[[ Extracted information, beginning ]]

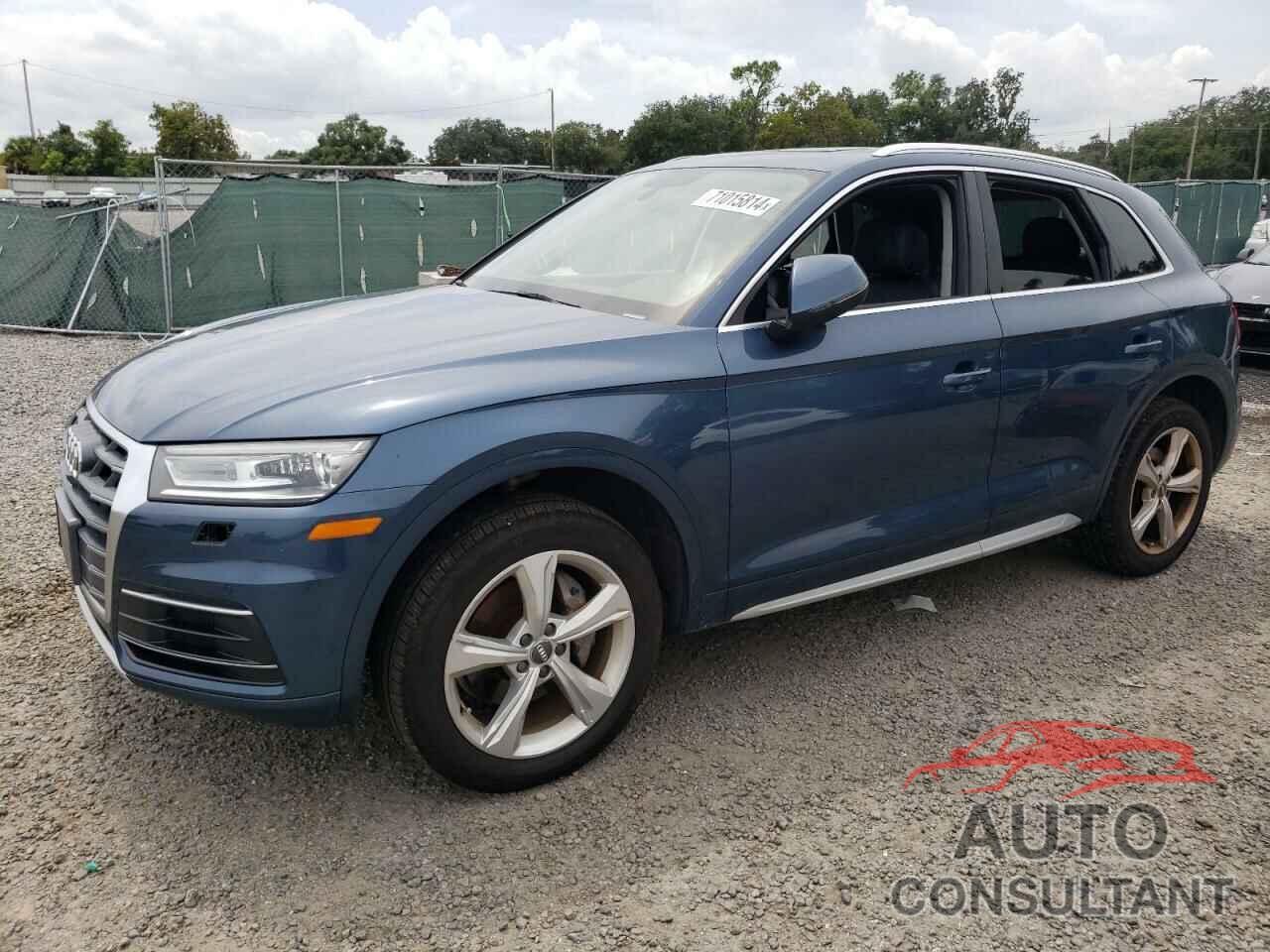 AUDI Q5 2018 - WA1BNAFY9J2027145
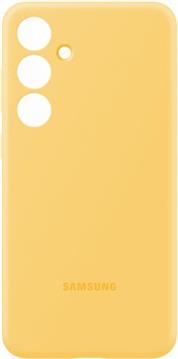 Samsung Silicone Case do S24 Plus yellow
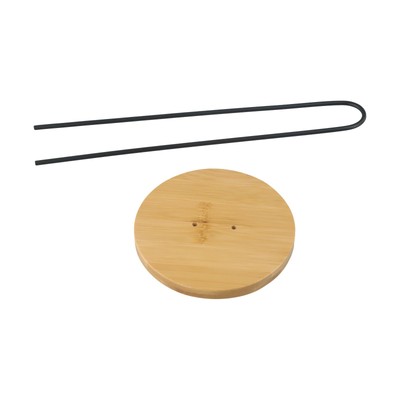 Holz Papier Handtuch Halter Tissue Vertikal Ständer Küchentuch Rolle Organizer Rack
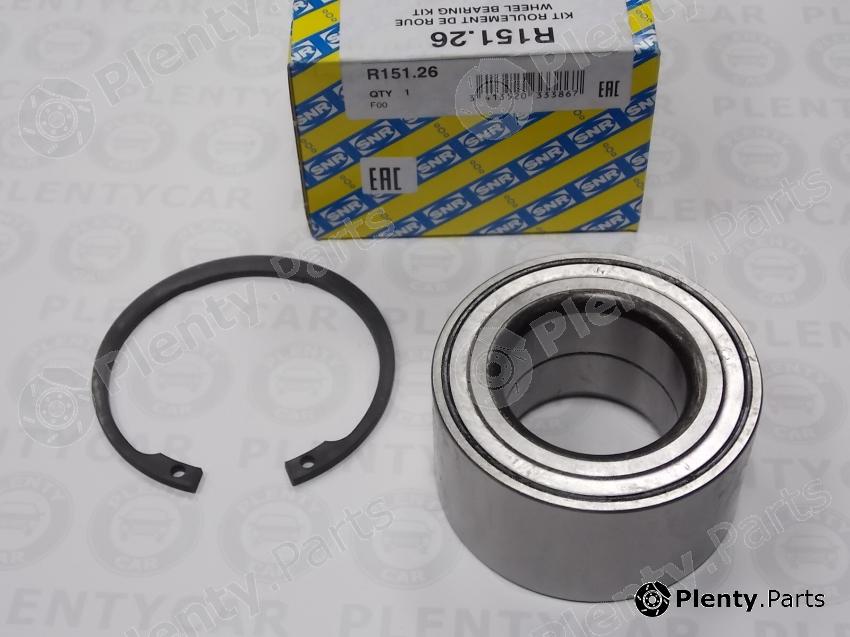  SNR part R151.26 (R15126) Wheel Bearing Kit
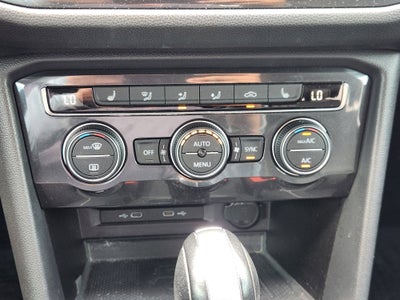 2021 Volkswagen Tiguan SE R-Line Black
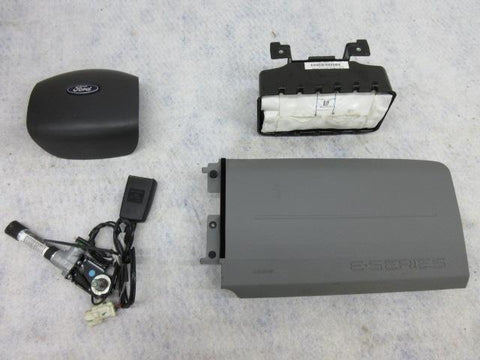 FORD E-150 E-250 2009-2019 OEM Steering wheel driver AIRBAG left RIGHT DASH BELT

[[ Extracted information, end ]]

What you will do: Give again, word for word, the lines from the one containing "Holz Papier Handtuch" through the last line of the entries, with pictures omitted and nothing added.

The completed task:
 Holz Papier Handtuch Halter Tissue Vertikal Ständer Küchentuch Rolle Organizer Rack
  SNR part R151.26 (R15126) Wheel Bearing Kit
 2021 Volkswagen Tiguan SE R-Line Black
 FORD E-150 E-250 2009-2019 OEM Steering wheel driver AIRBAG left RIGHT DASH BELT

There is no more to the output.